Exercise objective →
Of all the entries below, only the lines from the one with "Mesas em cores iguais - Foto 4" up to and including the one with "Mustard over throw top perfect for work" are to be duplicated exactly.
════════════════
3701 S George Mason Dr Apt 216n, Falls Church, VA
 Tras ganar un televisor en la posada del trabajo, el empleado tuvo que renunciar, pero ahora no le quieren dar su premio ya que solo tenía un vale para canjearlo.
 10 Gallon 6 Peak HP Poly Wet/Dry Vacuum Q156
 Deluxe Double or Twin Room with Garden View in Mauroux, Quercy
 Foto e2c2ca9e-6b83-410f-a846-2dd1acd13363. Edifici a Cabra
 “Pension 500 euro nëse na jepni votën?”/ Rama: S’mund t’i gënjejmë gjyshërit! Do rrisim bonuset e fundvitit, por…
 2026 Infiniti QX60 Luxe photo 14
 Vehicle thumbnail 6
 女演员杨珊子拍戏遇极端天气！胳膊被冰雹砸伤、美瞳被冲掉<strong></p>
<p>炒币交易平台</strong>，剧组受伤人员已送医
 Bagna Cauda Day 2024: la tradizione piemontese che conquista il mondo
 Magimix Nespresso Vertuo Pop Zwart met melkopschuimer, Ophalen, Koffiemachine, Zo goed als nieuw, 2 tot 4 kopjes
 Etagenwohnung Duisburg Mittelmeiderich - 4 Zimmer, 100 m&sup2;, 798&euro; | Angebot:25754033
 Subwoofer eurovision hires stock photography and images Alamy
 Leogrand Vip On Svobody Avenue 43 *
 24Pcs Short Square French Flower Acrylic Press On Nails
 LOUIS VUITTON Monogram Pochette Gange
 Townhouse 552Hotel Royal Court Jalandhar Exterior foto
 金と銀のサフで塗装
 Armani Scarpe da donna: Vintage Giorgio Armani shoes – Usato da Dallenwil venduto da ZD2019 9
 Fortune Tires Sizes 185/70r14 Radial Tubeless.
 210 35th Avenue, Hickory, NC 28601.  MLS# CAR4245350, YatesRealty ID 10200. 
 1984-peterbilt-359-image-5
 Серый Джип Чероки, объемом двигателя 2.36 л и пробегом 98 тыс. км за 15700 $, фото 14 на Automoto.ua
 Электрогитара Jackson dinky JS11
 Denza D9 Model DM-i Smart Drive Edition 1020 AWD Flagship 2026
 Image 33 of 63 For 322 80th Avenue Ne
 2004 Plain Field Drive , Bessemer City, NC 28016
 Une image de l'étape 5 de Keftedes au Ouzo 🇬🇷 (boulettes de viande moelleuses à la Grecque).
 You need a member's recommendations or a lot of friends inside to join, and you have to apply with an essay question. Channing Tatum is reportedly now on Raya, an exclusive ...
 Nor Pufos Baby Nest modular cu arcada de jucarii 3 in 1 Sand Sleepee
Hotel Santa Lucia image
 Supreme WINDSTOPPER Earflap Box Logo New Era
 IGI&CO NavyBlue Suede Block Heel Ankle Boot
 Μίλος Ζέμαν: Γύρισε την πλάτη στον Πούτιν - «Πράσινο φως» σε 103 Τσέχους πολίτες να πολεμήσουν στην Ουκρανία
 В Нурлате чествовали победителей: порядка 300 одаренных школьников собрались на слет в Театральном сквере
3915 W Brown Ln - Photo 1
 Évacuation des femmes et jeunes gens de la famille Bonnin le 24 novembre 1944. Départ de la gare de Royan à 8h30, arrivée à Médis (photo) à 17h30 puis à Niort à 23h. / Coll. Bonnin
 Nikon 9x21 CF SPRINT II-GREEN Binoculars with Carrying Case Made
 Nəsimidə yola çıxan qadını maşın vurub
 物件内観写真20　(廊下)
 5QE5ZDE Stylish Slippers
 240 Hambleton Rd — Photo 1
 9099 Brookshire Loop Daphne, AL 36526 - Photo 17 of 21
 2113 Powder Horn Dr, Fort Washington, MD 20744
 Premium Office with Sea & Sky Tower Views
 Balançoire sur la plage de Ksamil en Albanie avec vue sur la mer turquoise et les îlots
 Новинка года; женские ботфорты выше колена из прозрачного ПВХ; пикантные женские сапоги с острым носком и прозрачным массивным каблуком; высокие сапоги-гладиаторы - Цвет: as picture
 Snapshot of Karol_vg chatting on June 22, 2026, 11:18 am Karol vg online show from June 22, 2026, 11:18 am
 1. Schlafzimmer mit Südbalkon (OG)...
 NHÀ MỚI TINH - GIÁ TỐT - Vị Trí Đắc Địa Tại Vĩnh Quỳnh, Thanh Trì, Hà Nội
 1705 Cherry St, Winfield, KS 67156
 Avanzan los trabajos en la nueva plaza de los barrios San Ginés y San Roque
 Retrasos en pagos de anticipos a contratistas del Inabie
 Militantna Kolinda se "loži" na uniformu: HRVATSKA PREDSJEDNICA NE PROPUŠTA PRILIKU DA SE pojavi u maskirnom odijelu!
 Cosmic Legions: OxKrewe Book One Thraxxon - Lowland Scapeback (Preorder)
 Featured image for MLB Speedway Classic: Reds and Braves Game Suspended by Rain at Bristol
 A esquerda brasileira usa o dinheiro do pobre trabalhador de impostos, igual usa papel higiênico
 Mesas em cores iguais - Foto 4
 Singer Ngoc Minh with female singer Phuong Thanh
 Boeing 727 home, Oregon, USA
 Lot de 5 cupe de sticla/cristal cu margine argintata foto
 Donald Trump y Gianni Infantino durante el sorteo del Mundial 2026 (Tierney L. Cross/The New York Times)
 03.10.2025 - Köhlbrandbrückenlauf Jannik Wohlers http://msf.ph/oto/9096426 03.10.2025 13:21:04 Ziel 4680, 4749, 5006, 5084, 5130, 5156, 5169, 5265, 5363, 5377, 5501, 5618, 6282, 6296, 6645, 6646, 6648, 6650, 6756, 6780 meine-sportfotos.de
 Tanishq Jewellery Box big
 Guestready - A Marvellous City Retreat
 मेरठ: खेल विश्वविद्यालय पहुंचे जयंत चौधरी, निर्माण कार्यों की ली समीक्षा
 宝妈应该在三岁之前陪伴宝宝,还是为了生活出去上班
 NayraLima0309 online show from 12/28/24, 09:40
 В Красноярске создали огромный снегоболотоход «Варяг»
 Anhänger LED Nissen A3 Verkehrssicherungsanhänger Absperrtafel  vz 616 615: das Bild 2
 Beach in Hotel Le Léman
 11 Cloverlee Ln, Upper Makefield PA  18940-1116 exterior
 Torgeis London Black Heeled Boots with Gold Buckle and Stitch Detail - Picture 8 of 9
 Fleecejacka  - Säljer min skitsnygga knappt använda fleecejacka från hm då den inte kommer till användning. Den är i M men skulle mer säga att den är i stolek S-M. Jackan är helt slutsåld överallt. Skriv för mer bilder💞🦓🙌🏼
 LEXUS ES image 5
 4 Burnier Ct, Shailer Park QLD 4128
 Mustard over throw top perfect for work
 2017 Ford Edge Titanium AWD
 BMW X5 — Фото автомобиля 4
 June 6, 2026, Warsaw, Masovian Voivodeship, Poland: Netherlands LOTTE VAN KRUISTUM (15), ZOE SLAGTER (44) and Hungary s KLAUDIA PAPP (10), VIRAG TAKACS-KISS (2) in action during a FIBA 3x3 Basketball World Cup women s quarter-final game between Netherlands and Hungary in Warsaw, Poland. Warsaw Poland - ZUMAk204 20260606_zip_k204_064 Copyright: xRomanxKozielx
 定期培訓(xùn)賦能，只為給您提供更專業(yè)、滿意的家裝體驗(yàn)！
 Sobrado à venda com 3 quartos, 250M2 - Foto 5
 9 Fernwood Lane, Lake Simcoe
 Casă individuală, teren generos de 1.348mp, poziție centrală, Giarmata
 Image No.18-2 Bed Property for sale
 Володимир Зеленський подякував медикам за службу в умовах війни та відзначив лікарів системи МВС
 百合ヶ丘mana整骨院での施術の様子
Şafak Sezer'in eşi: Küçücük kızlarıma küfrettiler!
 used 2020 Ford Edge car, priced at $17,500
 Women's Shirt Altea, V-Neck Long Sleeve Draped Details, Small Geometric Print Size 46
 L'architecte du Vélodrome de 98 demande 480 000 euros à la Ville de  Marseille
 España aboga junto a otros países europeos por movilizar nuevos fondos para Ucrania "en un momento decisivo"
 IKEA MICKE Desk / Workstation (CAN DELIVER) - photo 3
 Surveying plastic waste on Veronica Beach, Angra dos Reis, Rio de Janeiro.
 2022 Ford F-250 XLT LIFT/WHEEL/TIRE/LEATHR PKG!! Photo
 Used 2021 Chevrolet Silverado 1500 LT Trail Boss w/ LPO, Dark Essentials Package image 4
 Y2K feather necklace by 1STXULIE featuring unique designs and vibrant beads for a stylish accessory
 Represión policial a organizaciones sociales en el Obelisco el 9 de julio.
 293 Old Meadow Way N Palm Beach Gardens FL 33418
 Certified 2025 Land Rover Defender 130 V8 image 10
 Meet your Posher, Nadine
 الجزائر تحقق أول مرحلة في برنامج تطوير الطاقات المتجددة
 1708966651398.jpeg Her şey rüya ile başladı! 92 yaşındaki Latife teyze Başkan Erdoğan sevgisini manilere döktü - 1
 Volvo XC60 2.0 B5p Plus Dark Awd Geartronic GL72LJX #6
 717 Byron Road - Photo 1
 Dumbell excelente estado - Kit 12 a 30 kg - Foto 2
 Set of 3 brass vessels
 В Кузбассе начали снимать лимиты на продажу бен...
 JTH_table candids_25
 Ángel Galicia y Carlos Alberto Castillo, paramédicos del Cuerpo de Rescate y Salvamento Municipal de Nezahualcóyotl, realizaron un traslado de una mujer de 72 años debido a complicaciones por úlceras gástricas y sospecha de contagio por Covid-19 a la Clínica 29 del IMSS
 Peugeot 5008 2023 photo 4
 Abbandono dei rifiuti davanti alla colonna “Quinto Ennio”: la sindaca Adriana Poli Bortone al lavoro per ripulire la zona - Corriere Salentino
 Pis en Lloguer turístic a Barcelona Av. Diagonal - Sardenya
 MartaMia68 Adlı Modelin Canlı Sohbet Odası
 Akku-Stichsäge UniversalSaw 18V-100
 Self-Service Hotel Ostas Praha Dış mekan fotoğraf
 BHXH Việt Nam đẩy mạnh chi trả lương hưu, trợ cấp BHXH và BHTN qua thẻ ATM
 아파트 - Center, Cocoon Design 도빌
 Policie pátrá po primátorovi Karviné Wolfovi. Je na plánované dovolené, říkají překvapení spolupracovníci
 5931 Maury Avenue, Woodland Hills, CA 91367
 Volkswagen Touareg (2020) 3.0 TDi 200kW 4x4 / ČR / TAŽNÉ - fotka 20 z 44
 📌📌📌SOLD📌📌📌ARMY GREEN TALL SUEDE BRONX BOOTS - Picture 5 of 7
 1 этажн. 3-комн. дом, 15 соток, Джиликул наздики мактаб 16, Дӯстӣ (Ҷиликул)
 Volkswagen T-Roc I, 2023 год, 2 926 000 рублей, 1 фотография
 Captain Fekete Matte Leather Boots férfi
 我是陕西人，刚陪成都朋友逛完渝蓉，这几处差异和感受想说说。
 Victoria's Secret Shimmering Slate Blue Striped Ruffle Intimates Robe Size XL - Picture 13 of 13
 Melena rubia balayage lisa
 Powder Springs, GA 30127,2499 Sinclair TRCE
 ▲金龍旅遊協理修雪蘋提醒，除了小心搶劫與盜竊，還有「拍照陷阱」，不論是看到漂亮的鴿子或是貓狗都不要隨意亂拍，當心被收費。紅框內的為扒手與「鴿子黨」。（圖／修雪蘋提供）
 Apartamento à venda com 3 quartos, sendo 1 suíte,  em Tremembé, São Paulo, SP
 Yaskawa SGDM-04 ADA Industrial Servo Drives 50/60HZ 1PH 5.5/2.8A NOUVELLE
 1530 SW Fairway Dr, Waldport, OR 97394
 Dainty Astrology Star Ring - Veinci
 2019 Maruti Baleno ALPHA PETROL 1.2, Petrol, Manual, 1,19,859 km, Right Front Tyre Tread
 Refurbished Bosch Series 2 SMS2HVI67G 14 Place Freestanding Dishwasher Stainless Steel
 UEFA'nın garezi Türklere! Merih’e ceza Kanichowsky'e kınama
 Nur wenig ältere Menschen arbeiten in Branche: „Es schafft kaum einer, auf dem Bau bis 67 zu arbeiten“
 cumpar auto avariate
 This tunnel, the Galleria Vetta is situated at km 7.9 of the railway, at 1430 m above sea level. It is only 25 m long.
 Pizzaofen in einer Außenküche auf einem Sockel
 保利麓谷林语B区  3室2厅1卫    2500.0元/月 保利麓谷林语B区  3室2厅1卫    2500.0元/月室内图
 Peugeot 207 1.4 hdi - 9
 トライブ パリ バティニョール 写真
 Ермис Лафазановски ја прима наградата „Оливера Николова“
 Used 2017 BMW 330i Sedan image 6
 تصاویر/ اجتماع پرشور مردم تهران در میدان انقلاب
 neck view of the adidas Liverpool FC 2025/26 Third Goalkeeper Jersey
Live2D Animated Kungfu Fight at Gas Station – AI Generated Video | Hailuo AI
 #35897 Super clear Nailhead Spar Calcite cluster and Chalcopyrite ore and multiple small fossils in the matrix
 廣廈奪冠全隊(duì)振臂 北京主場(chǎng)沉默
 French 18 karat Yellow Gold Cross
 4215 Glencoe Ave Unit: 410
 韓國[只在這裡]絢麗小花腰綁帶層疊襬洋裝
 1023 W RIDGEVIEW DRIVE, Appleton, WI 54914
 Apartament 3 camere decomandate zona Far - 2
════════════════
Answer space →
 Mesas em cores iguais - Foto 4
 Singer Ngoc Minh with female singer Phuong Thanh
 Boeing 727 home, Oregon, USA
 Lot de 5 cupe de sticla/cristal cu margine argintata foto
 Donald Trump y Gianni Infantino durante el sorteo del Mundial 2026 (Tierney L. Cross/The New York Times)
 03.10.2025 - Köhlbrandbrückenlauf Jannik Wohlers http://msf.ph/oto/9096426 03.10.2025 13:21:04 Ziel 4680, 4749, 5006, 5084, 5130, 5156, 5169, 5265, 5363, 5377, 5501, 5618, 6282, 6296, 6645, 6646, 6648, 6650, 6756, 6780 meine-sportfotos.de
 Tanishq Jewellery Box big
 Guestready - A Marvellous City Retreat
 मेरठ: खेल विश्वविद्यालय पहुंचे जयंत चौधरी, निर्माण कार्यों की ली समीक्षा
 宝妈应该在三岁之前陪伴宝宝,还是为了生活出去上班
 NayraLima0309 online show from 12/28/24, 09:40
 В Красноярске создали огромный снегоболотоход «Варяг»
 Anhänger LED Nissen A3 Verkehrssicherungsanhänger Absperrtafel  vz 616 615: das Bild 2
 Beach in Hotel Le Léman
 11 Cloverlee Ln, Upper Makefield PA  18940-1116 exterior
 Torgeis London Black Heeled Boots with Gold Buckle and Stitch Detail - Picture 8 of 9
 Fleecejacka  - Säljer min skitsnygga knappt använda fleecejacka från hm då den inte kommer till användning. Den är i M men skulle mer säga att den är i stolek S-M. Jackan är helt slutsåld överallt. Skriv för mer bilder💞🦓🙌🏼
 LEXUS ES image 5
 4 Burnier Ct, Shailer Park QLD 4128
 Mustard over throw top perfect for work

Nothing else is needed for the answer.